PROBLEM> Exactly and only the lines below from the one containing "Belkis Ayón Manso, Untitled" down to the one containing "Winter New Korean" are wanted, both included; please exclude every picture.

TASK DATA>
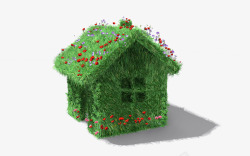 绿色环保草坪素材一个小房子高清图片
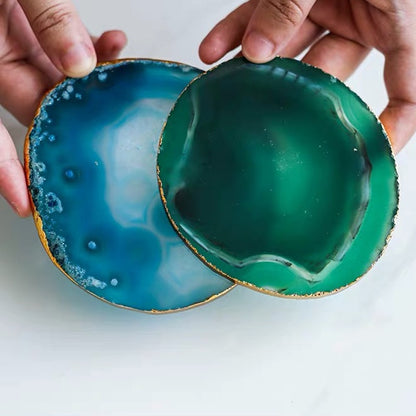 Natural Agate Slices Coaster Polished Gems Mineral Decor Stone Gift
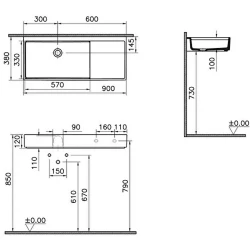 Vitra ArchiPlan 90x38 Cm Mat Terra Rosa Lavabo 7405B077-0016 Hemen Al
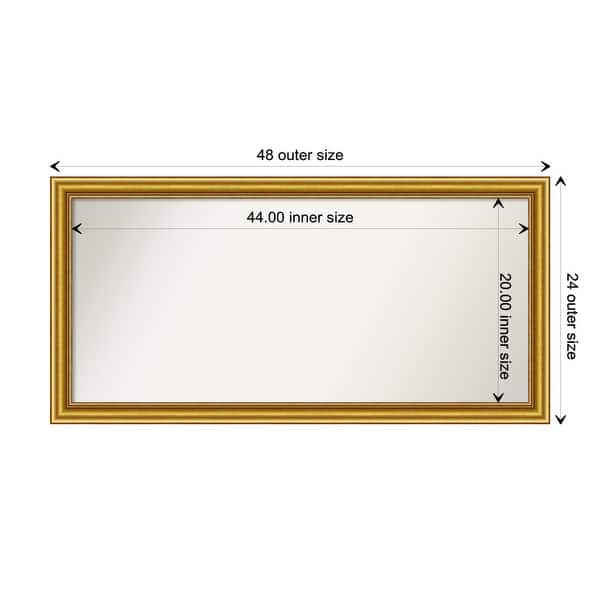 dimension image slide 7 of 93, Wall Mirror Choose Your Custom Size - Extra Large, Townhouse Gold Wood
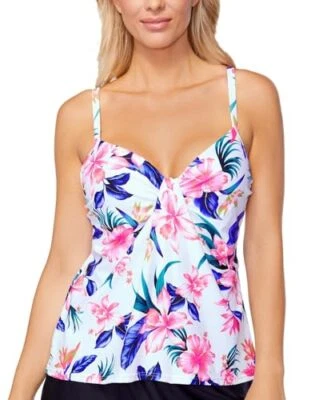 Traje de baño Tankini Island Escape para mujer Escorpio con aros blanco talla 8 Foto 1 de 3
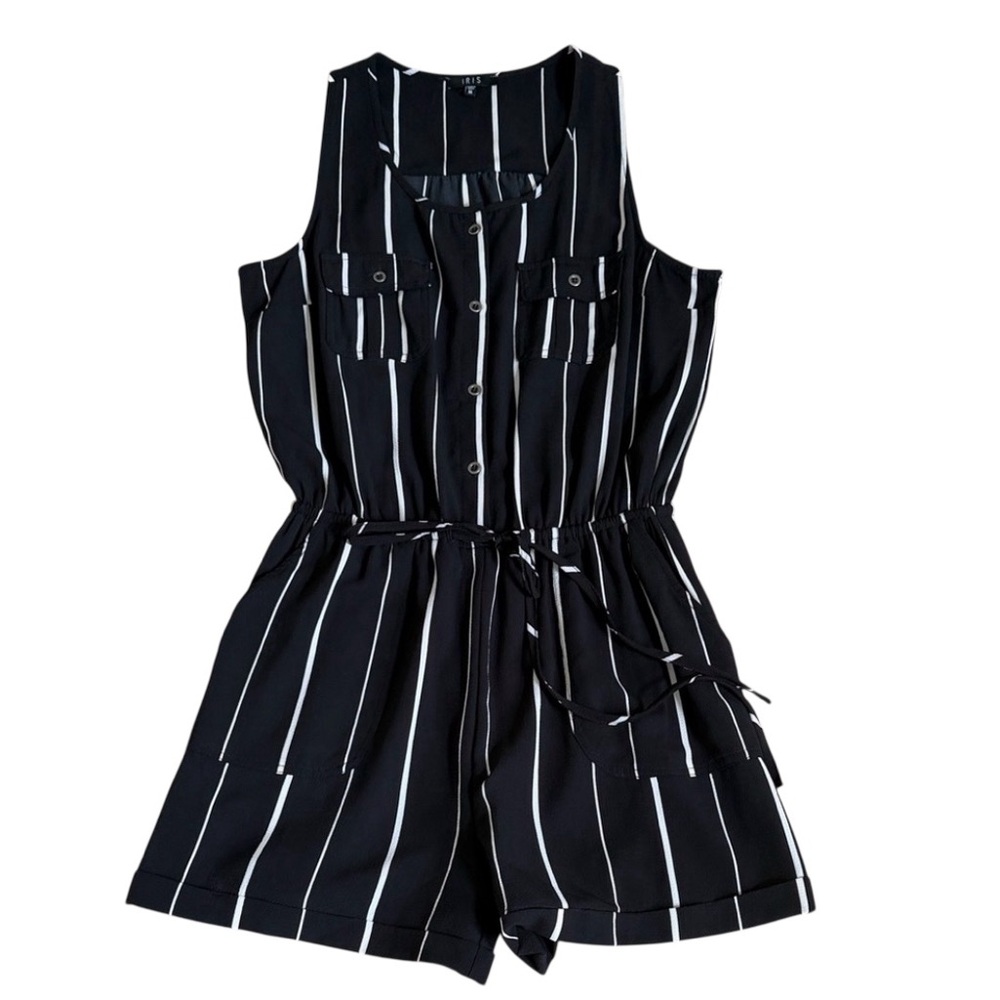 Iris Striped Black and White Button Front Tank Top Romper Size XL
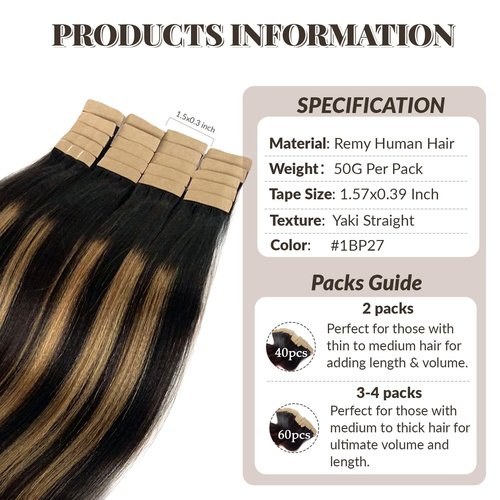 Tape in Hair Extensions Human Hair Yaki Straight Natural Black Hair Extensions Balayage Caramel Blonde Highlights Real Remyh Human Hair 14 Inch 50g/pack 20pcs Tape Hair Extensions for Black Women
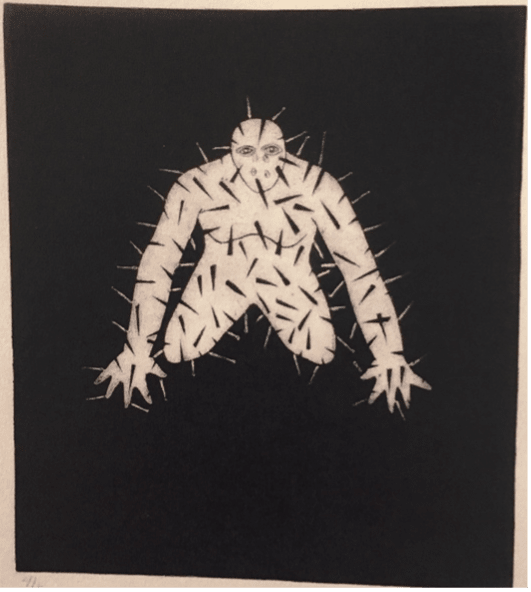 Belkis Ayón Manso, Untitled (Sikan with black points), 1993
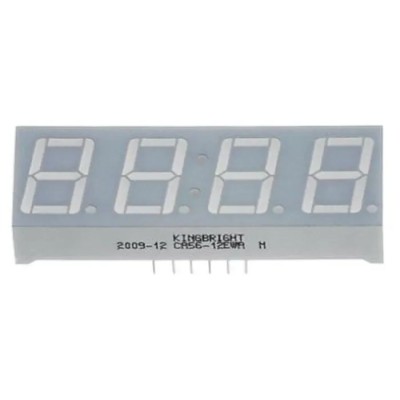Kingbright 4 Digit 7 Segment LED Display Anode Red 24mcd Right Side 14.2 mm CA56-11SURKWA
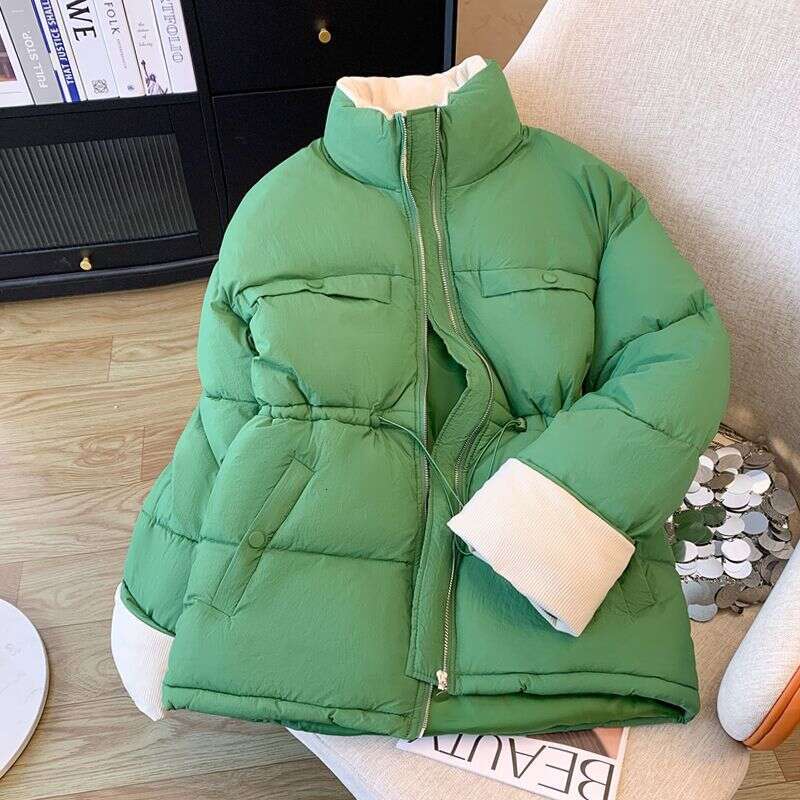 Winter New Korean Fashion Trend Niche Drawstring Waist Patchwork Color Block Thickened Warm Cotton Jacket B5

==

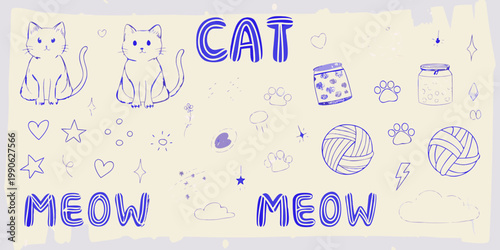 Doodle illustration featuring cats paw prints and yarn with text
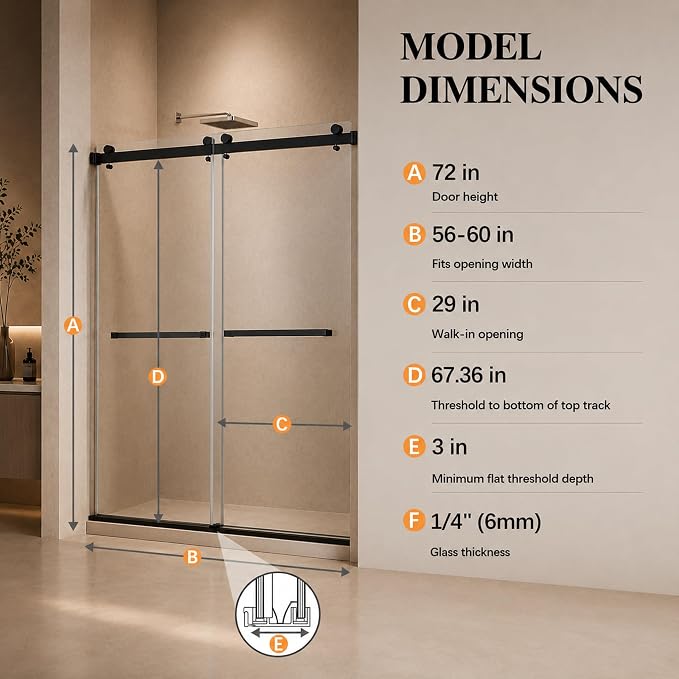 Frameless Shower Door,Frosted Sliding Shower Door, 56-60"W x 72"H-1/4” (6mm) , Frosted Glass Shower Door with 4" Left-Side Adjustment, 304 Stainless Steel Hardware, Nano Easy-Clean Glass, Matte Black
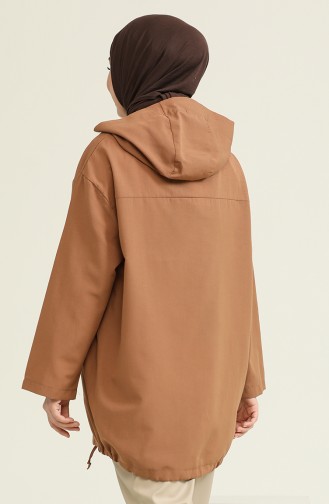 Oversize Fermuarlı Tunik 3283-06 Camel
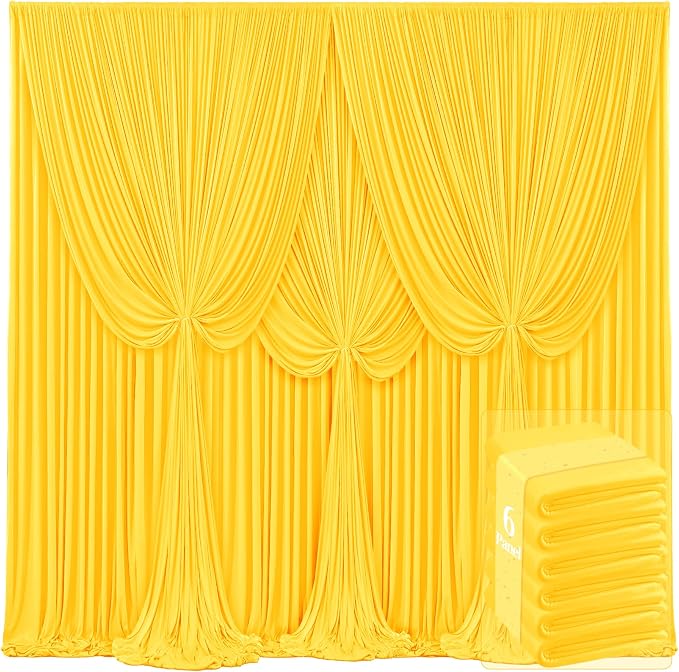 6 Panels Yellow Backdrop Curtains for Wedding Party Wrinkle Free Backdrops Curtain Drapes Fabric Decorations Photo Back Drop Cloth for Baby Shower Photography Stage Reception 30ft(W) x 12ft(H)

--

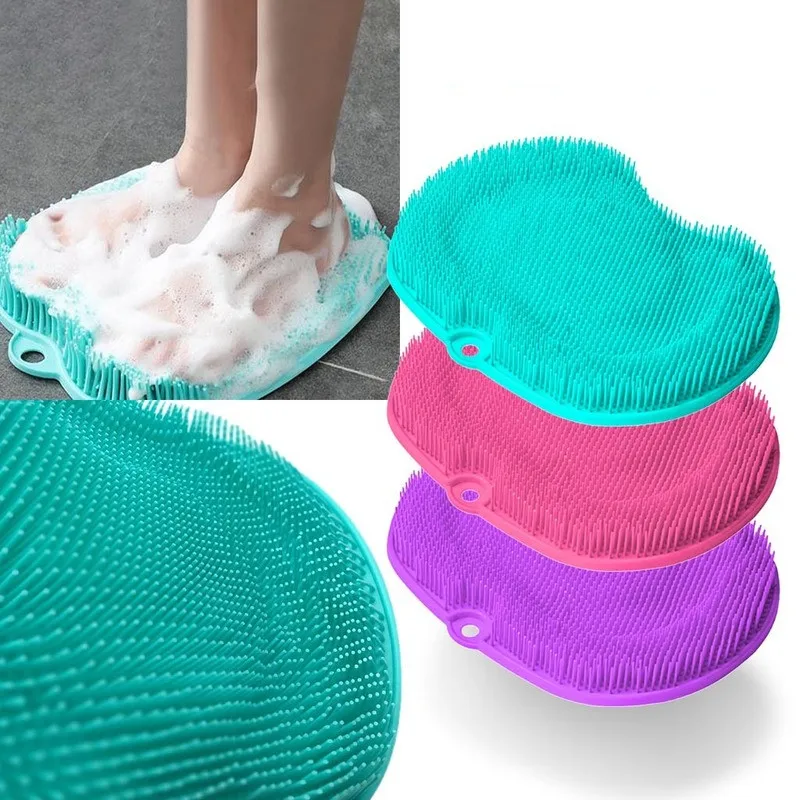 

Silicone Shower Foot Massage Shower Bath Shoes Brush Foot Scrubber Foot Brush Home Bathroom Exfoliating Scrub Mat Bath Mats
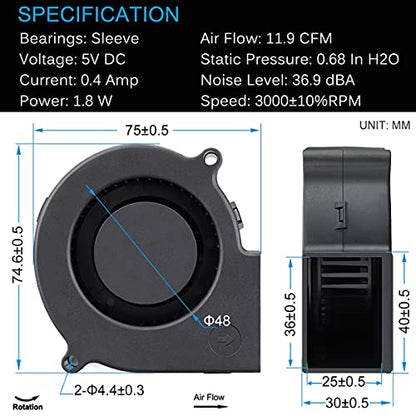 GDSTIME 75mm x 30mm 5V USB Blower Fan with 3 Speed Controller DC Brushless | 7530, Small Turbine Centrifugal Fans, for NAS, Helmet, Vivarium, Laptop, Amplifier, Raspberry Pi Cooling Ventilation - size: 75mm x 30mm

WRITTEN ANSWER>
 Belkis Ayón Manso, Untitled (Sikan with black points), 1993
Kingbright 4 Digit 7 Segment LED Display Anode Red 24mcd Right Side 14.2 mm CA56-11SURKWA
 Winter New Korean Fashion Trend Niche Drawstring Waist Patchwork Color Block Thickened Warm Cotton Jacket B5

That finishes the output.